On Nov 13, 2011, at 01:46, Nico Kadel-Garcia wrote:

> On Thu, Nov 10, 2011 at 12:48 PM, Ryan Schmidt wrote:
>> 
>> On Nov 10, 2011, at 07:27, Nico Kadel-Garcia wrote:
>> 
>>> Windows versus UNIX style end-of-line also becomes important. The
>>> "svn:eol" style for files in a shared repository will behave
>>> differently on Windows boxes accessing a CIFS share from a UNIX or
>>> Linux box via Samba than the UNIX or Linux box will provide with local
>>> or NFS access to exactly the same working copy if that is set.
>> 
>> 
>>> I spent a *lot* of time explaining this to verious people trying to
>>> use multiple platform shared access, and running headlong into the
>>> problems they thought they'd "cleverly" worked around. It became an
>>> adventure to explain why svn:eol should be deprecated, preferably with
>>> a claw hammer.
>> 
>> Every time you bring this up I have to point out that what you're talking 
>> about applies only when a file's svn:eol-style property is set to "native". 
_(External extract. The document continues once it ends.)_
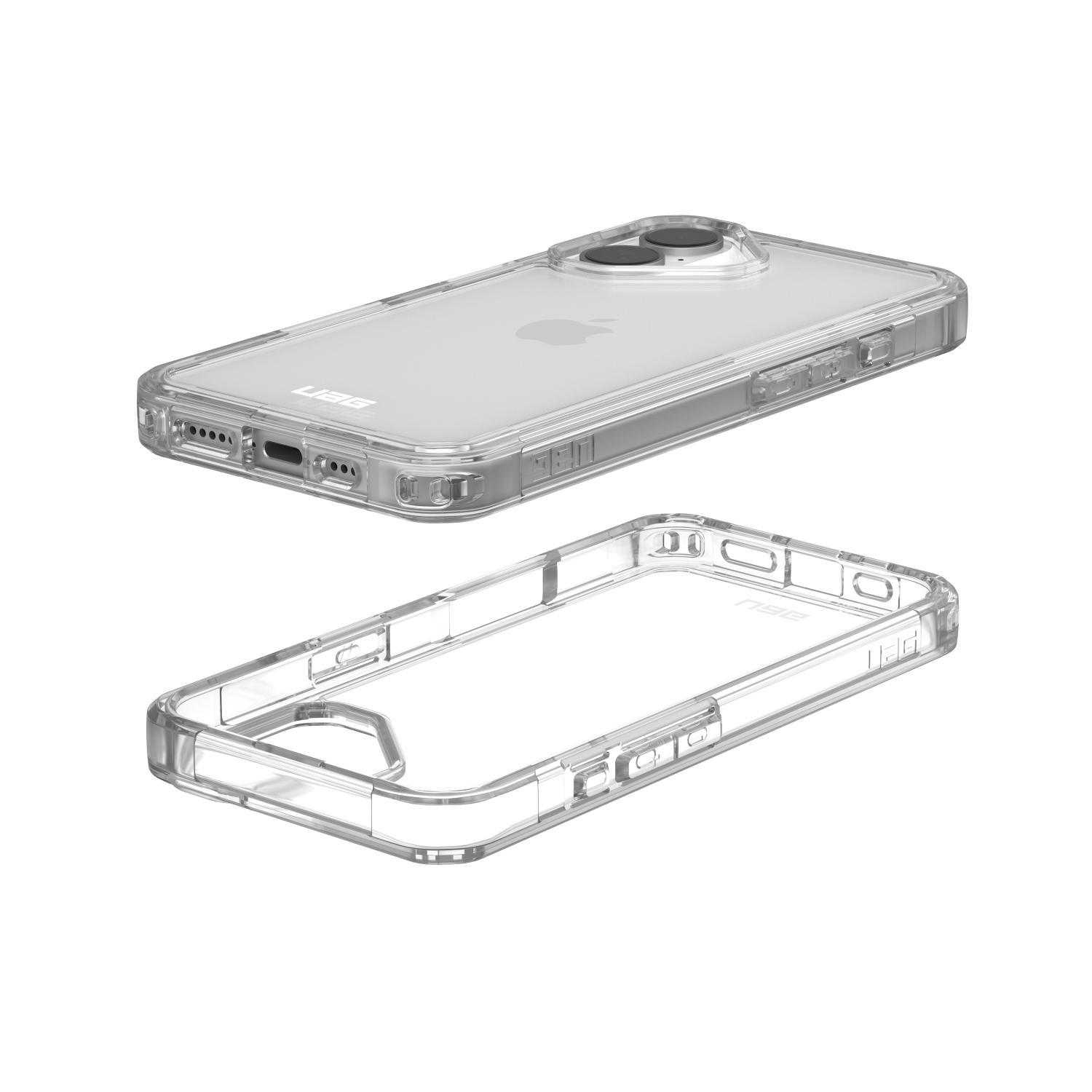 UAG Plyo Case - Apple iPhone 16 - Ice - Image 45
>> It does not apply when svn:eol-style is set to another value, such as "LF" 
>> or "CRLF", nor does it apply if svn:eol-style is not set.
> 
> No, it happens *every time* yous set it to "native" and wind up
> editing code in one OS and running it in another. [snip]
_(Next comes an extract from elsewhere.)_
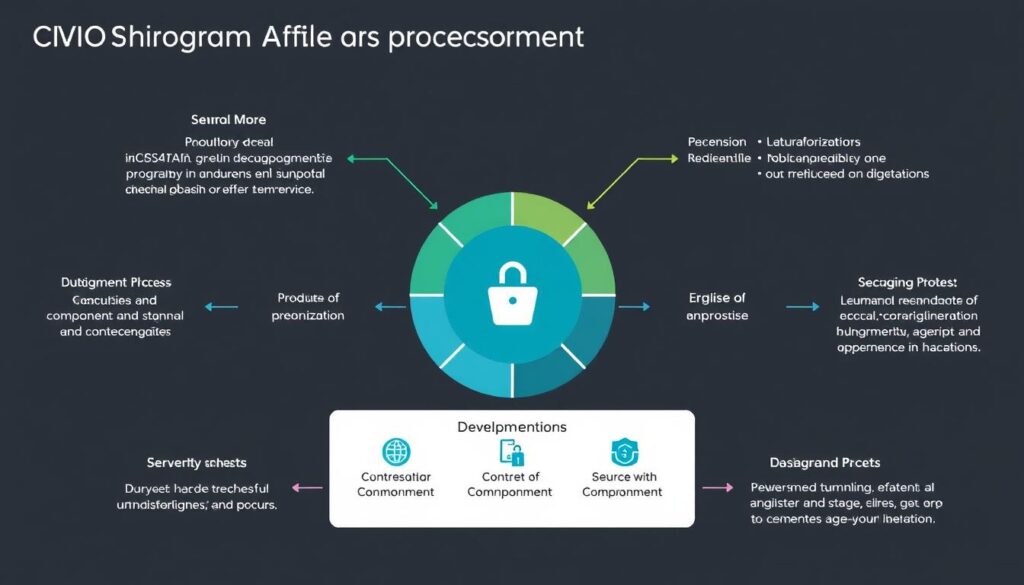 Image of CISOSHARE's security program development process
...right, that's what I said. There is a potential for unexpected problems of 
the kind you describe when you set svn:eol-style to native. But there is no 
problem when you set svn:eol-style to LF or CRLF. I was taking exception to 
your overgeneralization that "svn:eol [sic] should be deprecated"; it should 
not, because it works fine and serves a useful function.